■ **Provided information**:
────────────────────
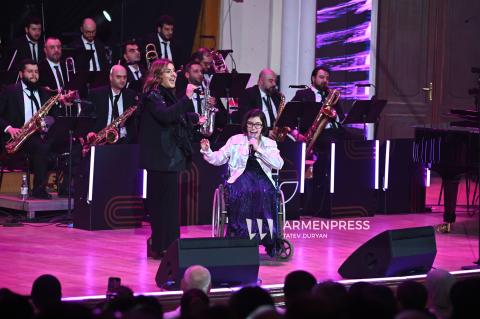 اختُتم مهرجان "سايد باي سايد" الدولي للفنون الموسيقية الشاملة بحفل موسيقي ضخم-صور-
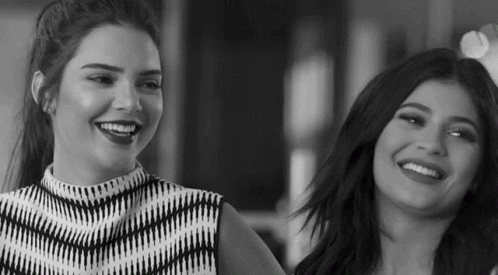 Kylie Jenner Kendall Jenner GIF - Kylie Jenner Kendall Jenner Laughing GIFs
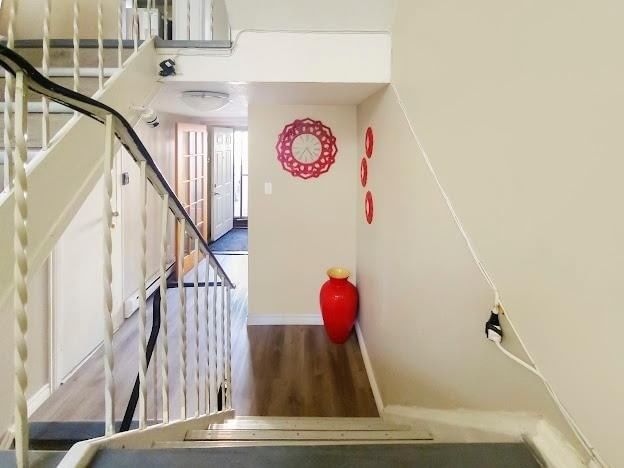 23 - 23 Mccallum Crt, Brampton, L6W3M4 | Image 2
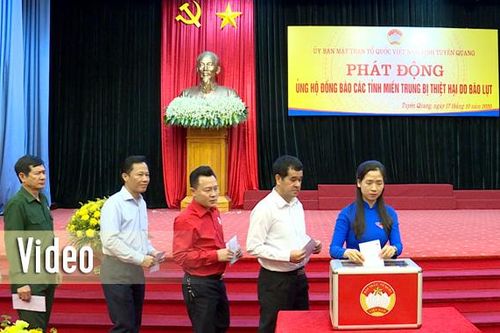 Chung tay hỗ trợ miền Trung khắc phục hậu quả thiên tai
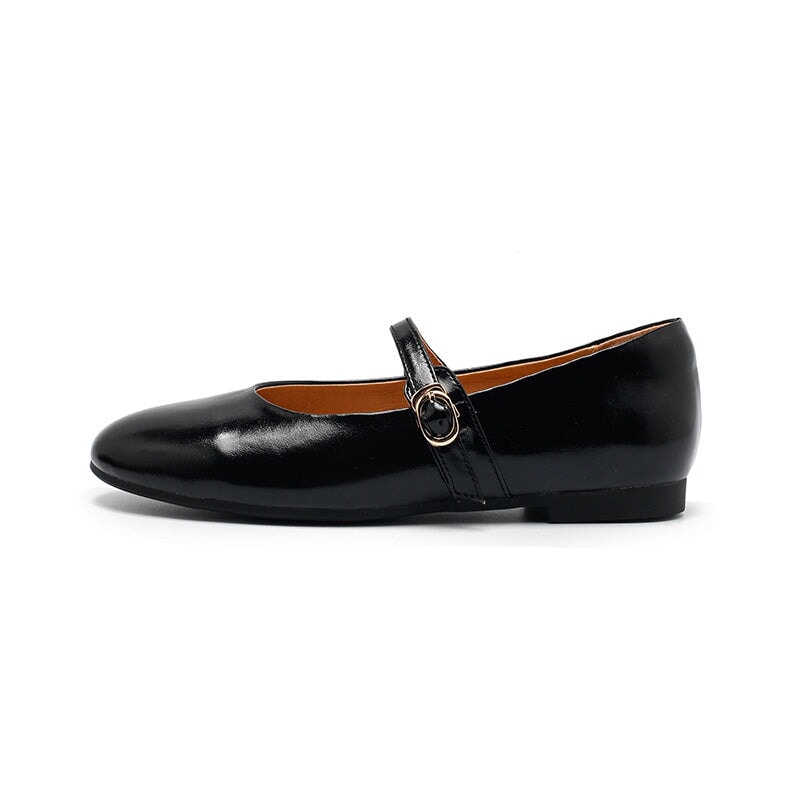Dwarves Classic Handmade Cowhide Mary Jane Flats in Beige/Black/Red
────────────────────
The listing above is to be set down word for word, without its images.

 اختُتم مهرجان "سايد باي سايد" الدولي للفنون الموسيقية الشاملة بحفل موسيقي ضخم-صور-
 Kylie Jenner Kendall Jenner GIF - Kylie Jenner Kendall Jenner Laughing GIFs
 23 - 23 Mccallum Crt, Brampton, L6W3M4 | Image 2
 Chung tay hỗ trợ miền Trung khắc phục hậu quả thiên tai
Dwarves Classic Handmade Cowhide Mary Jane Flats in Beige/Black/Red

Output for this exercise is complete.